Background: The treatment landscape for neuromyelitis optica spectrum disorder (NMOSD) has changed in recent years with the approval of therapies with different efficacy, safety and administration profiles.
Objective: The aim of this study was to assess neurologists' preferences for different NMOSD treatment attributes using conjoint analysis (CA).
Methods: We conducted an online, non-interventional, cross-sectional study in collaboration with the Spanish Society of Neurology. Our CA assessed five drugs' attributes: prevention of relapse, prevention of disability accumulation, safety risk, management during pregnancy, and route and frequency of administration. Participants were presented with eight hypothetical treatment scenarios to rank based on their preferences from the most preferred to the least. An ordinary least squares method was selected to estimate weighted preferences.
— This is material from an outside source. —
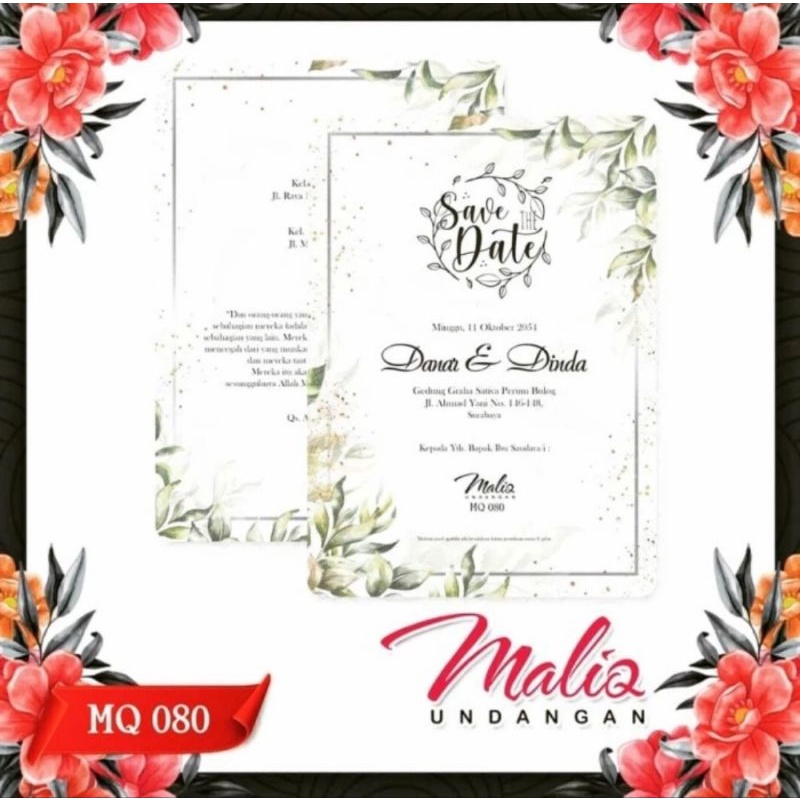 Blanko Undangan Maliq 80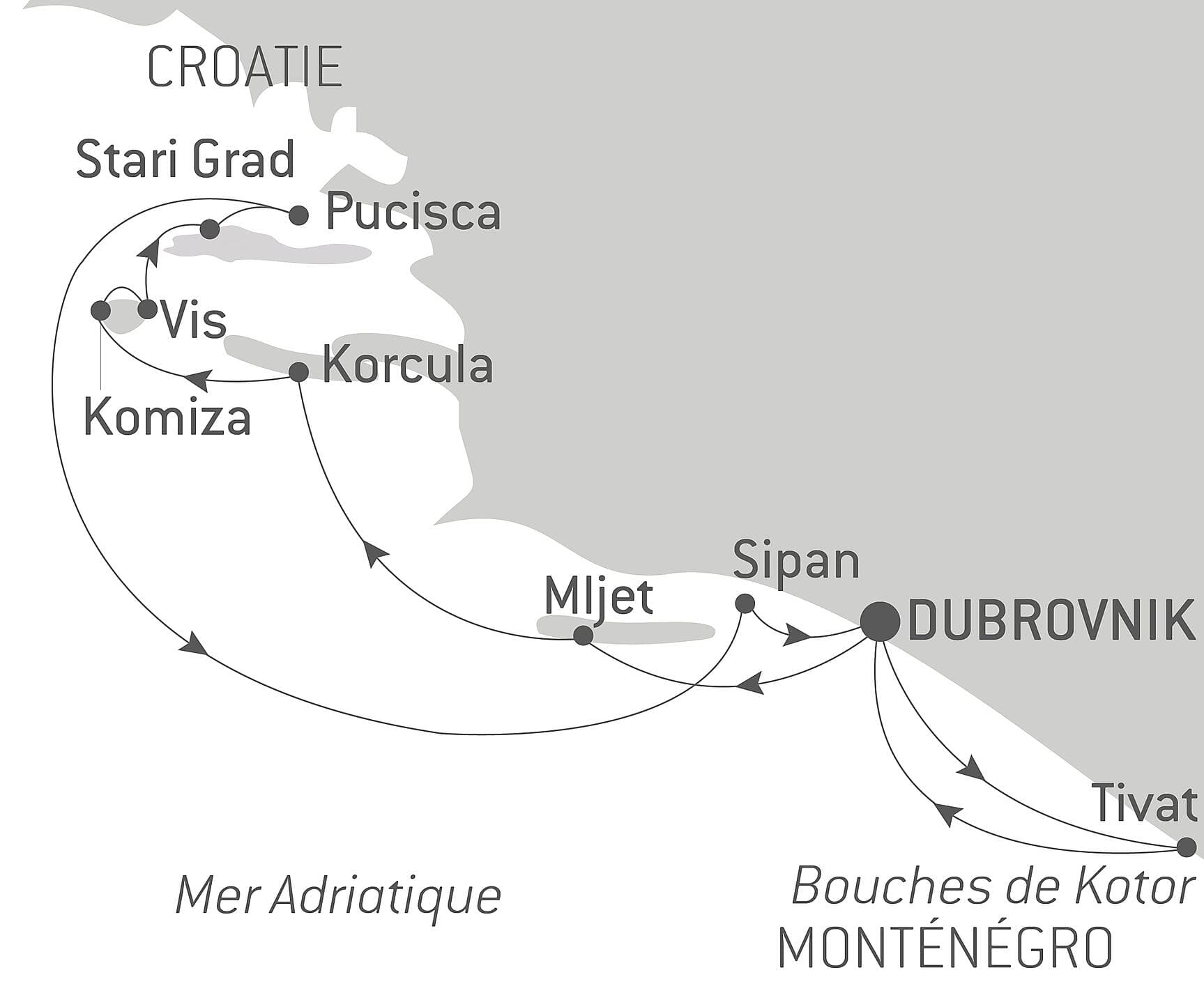 La Croatie, sous les voiles du Ponant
Results: A total of 104 neurologists were included. Mean age (standard deviation-SD) was 37.7 (10.3) years, 52.9 % were male, and median time (interquartile range) of experience managing NMOSD was 5.0 (2.9, 10.8) years. Neurologists placed the greatest importance on efficacy attributes, time to relapse (44.1 %) being the most important, followed by preventing disability accumulation (36.8 %). In contrast, route and frequency of administration (4.6 %) was the least important characteristic. Participants who prioritised efficacy attributes felt more comfortable in decision-making, had fewer past experiences of care-related regret and a lower attitude to risk taking than their counterparts.
Conclusion: Neurologists' treatment preferences in NMOSD were mainly driven by efficacy attributes. These results may be useful to design policy decisions and treatment guidelines for this condition.
Keywords: Conjoint analysis; Disability; Neuromyelitis optica spectrum disorder; Preferences; Therapy.